▸ **Crawled caption data**
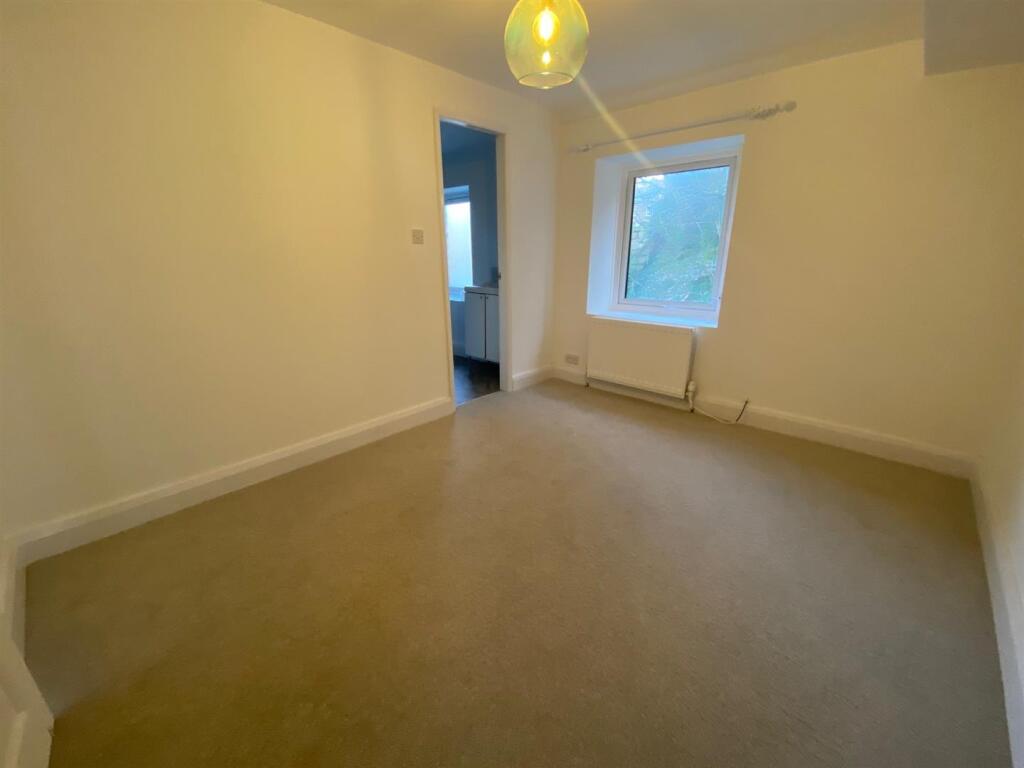 ROOM.jpg
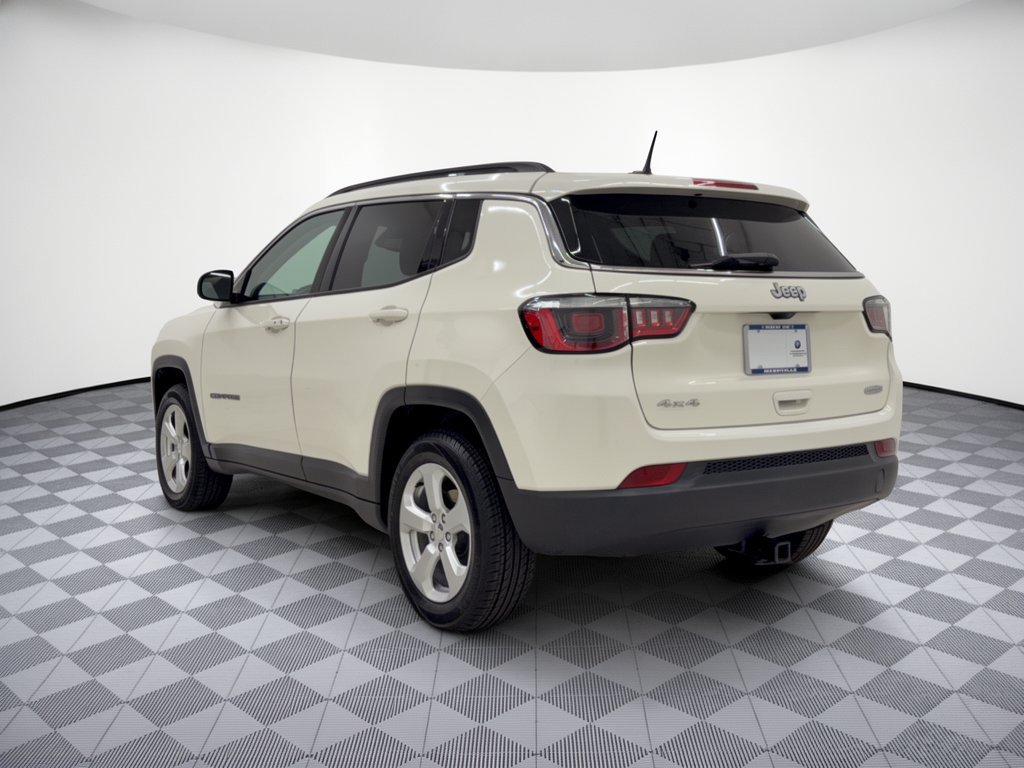 Used 2017 Jeep Compass Latitude w/ Popular Equipment Group AWD/4WD image 3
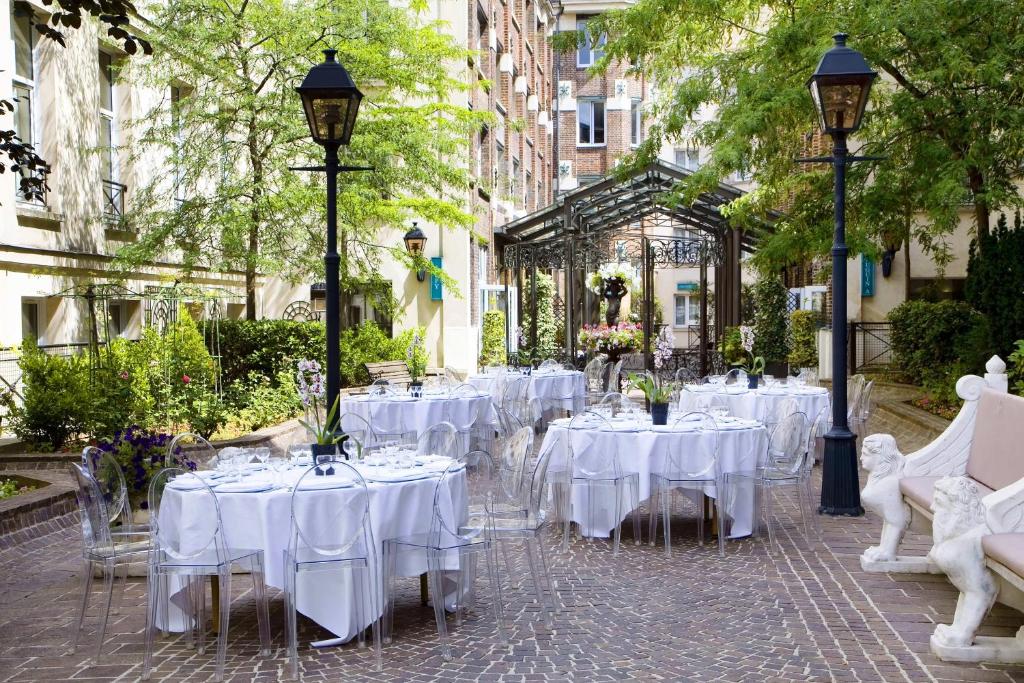 Restoran ili drugo mesto za obedovanje u objektu Les Jardins Du Marais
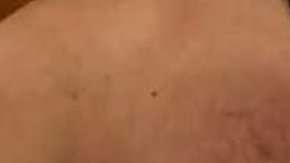 Maxamillian Neubauer se vio impulsado a hacer algo inesperado: "amamantar" a su hija.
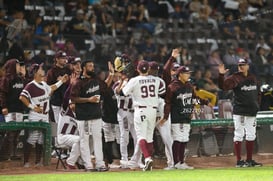 Algodoneros Unión Laguna vs Rieleros de Aguascalientes @tar.mx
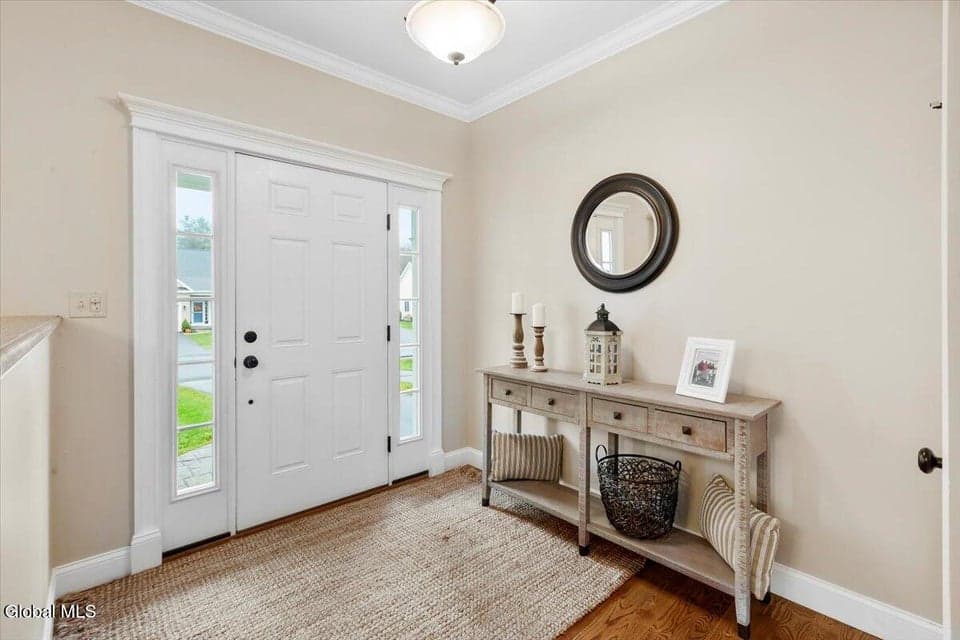 57 Averill Avenue, photo 3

▸ **EXERCISE**
Locate "Used 2017 Jeep" in the entries above. Copy, exactly and only, the lines from that line to the end, leaving out the pictures.

▸ **TASK ANSWER**
 Used 2017 Jeep Compass Latitude w/ Popular Equipment Group AWD/4WD image 3
 Restoran ili drugo mesto za obedovanje u objektu Les Jardins Du Marais
 Maxamillian Neubauer se vio impulsado a hacer algo inesperado: "amamantar" a su hija.
 Algodoneros Unión Laguna vs Rieleros de Aguascalientes @tar.mx
 57 Averill Avenue, photo 3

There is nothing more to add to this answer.